*** DATA SHOWN Section Begins ***
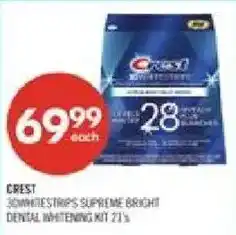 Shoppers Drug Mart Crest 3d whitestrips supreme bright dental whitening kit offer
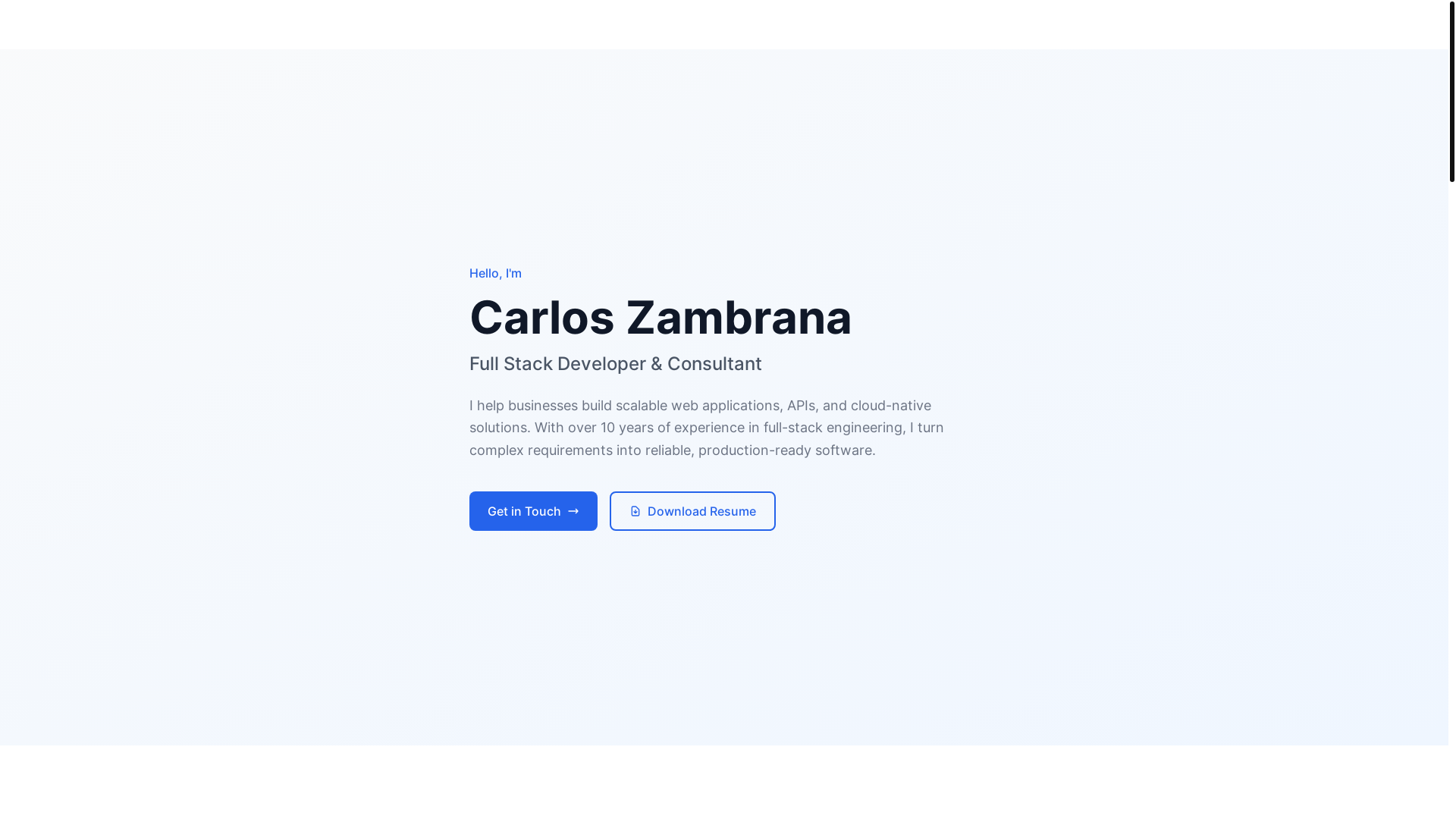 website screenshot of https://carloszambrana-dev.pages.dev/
*** DATA SHOWN Section Ends ***
*** DATA SHOWN Section Begins ***
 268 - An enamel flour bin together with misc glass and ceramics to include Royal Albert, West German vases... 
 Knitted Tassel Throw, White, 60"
*** DATA SHOWN Section Ends ***
__TASK ITEM__. Print an exact copy of the lines above, from the one containing "Shoppers Drug Mart" through the one containing "website screenshot of", and leave out the pictures.

__ANSWER TO THIS EXERCISE__.
 Shoppers Drug Mart Crest 3d whitestrips supreme bright dental whitening kit offer
 website screenshot of https://carloszambrana-dev.pages.dev/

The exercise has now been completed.